_YOUR OBJECTIVE_.
Transcribe exactly, please, the lines from the one containing "Texas BSM tweet media" through the end of the records below, and leave out the pictures.
──────── INFORMATION
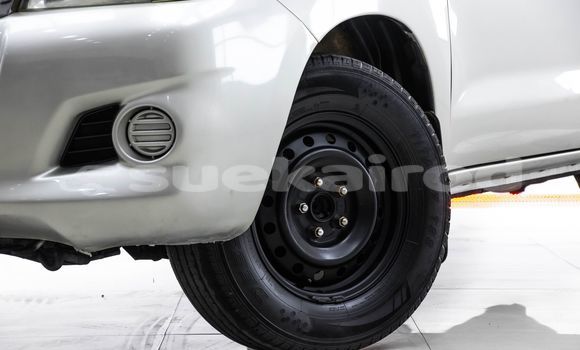 Buy Used Toyota Hiluxe VIGO Other Car in Bangkok in Bangkok Buy Used Toyota Hiluxe VIGO Other Car in Bangkok in Bangkok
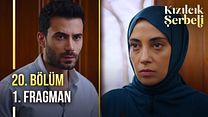 Kızılcık Şerbeti 20.Bölüm Fragmanı görüntüsü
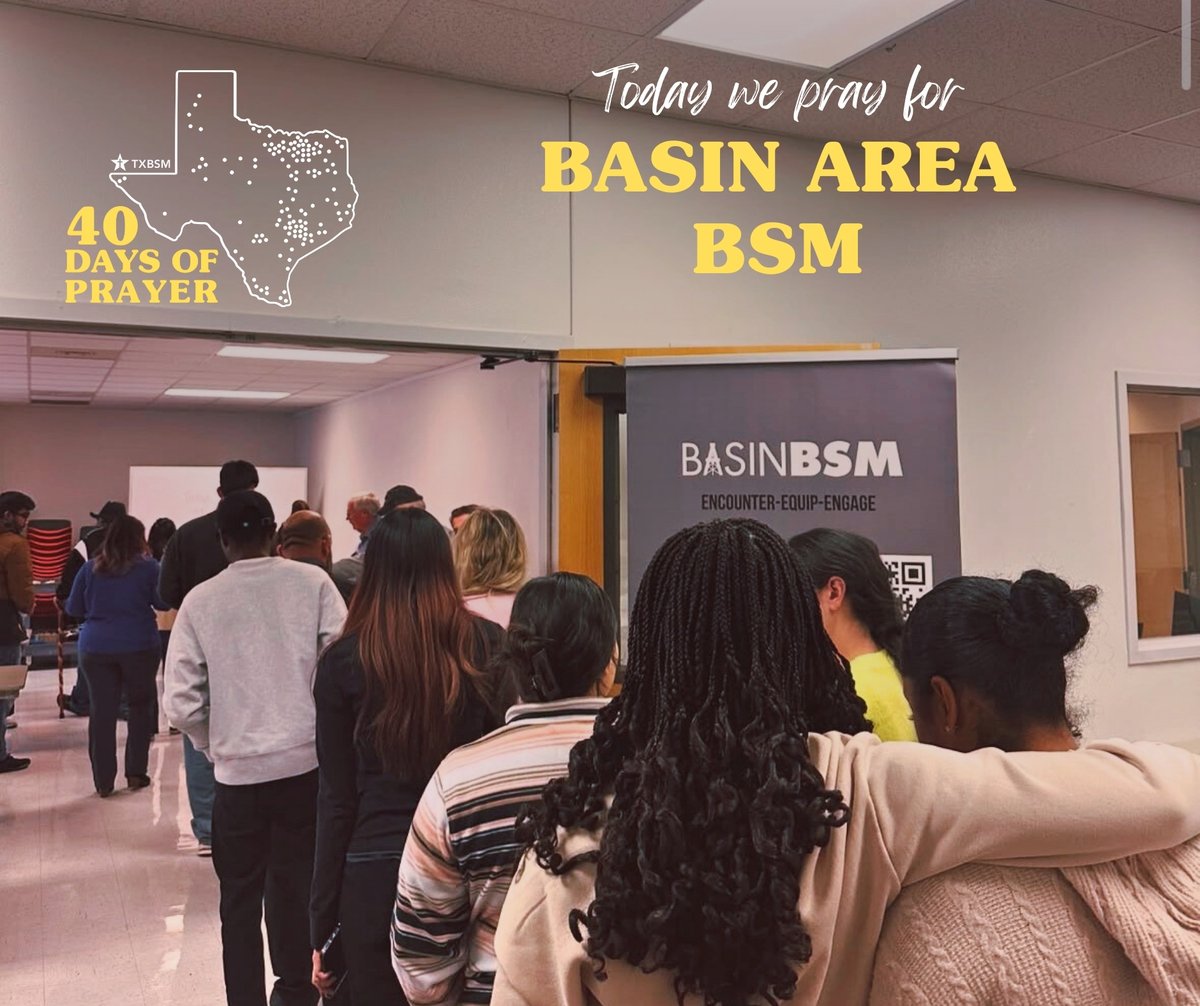 Texas BSM tweet media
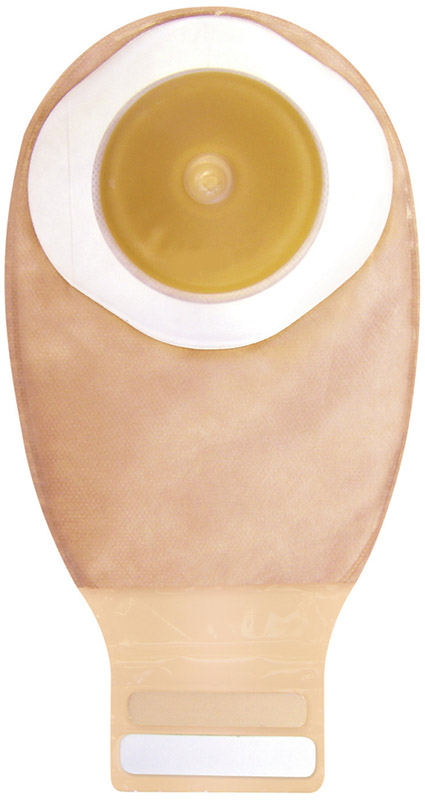 ESTEEM+SACCA A FONDO APERTO 22 MM OPACA PRETAGLIATA STANDARD FILTRO CHIUSURA INVISICLOSE CONVESSA 10 PEZZI - Parafarmacia Mostacciano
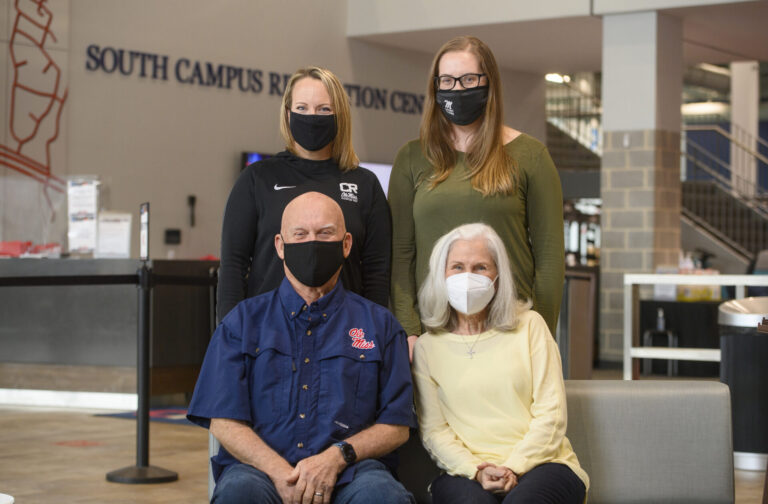 Two UM Staff Members Lauded as Lifesavers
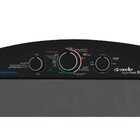 Tanquinho 8kg Supertank Com Aquatec Preto Mueller 220V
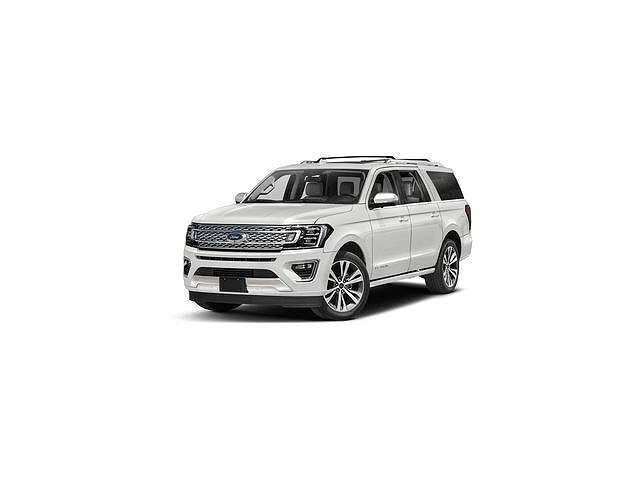 2021 FORD Expedition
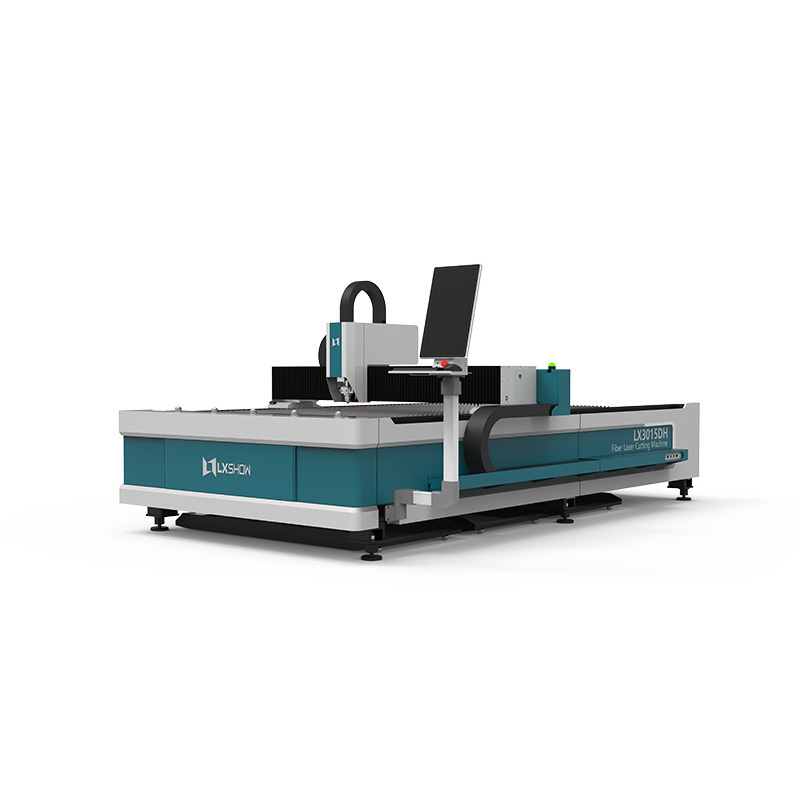 Fast delivery raycus JPT MAX carbon fiber cnc laser cutting fibre laser cutting machine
────────────────
_TASK SOLUTION_.
 Texas BSM tweet media
 ESTEEM+SACCA A FONDO APERTO 22 MM OPACA PRETAGLIATA STANDARD FILTRO CHIUSURA INVISICLOSE CONVESSA 10 PEZZI - Parafarmacia Mostacciano
 Two UM Staff Members Lauded as Lifesavers
 Tanquinho 8kg Supertank Com Aquatec Preto Mueller 220V
 2021 FORD Expedition
 Fast delivery raycus JPT MAX carbon fiber cnc laser cutting fibre laser cutting machine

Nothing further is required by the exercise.